After learning of the death of her childhood friend Jewel, Camille is overwhelmed by memories. As young women, Camille, Jewel and Saundra formed a close bond—however, careers, love lives, and other circumstances conspired to separate the once-devoted trio. Jewel founded a successful black entertainment agency, and Saundra fell into a troubled relationship. Camille drifted away while in grad school and after the birth of her son. She recalls the reunion brunch she planned hoping to bring her friends back together– but time had changed everything.
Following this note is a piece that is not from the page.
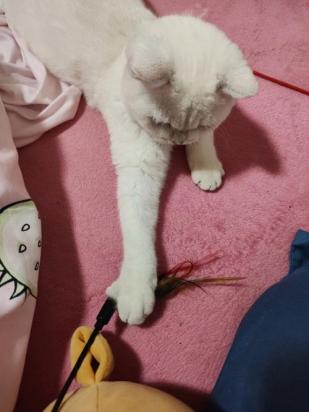 为什么不让猫咪带铃铛出门-图1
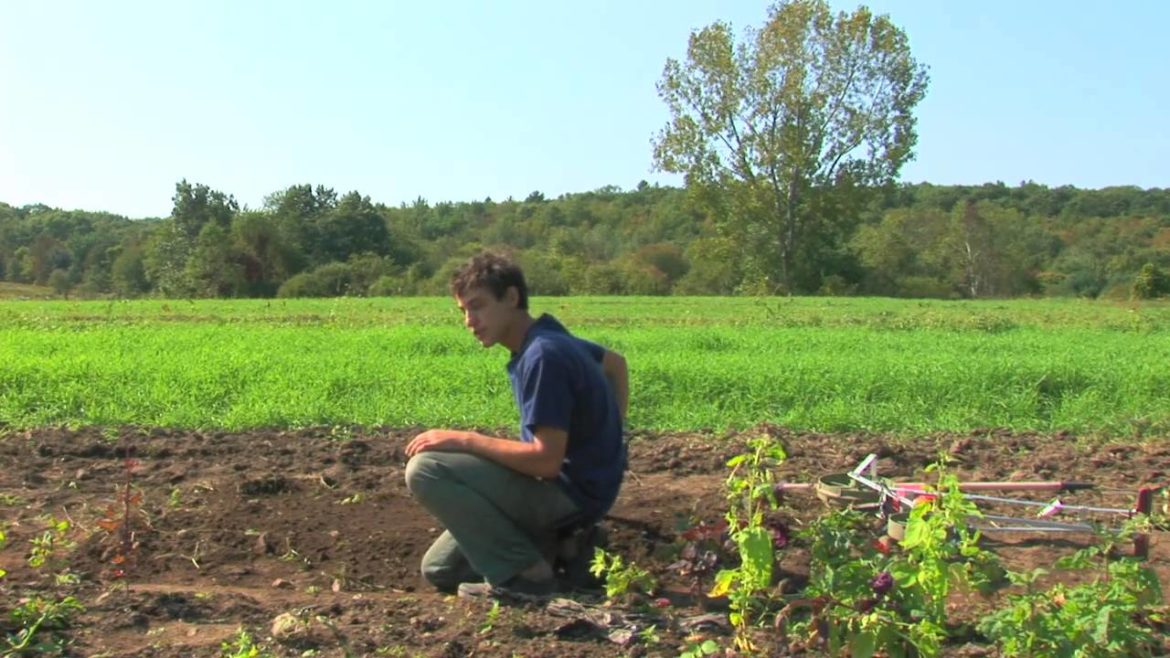 Vegetable Gardening : How to Sow Seeds Outdoors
Set in twentieth-century New York City, Wildflowers is about the dynamic of friendship of the three women. It is a coming of age story in which Camille must face hard truths about her relationships—and herself. She wrote in the 1960’s while in college that she and her friends were like wildflowers unfolding, each one unique. In the end, Camille realizes that friendships are often complicated and fragile, and she must become her own distinct and firmly planted self.

This coming of age story about the power and perils of  friendship follows three women—Camille, Jewel, and Saundra—across several decades as they confront issues of family, love, betrayal, ambition, and race.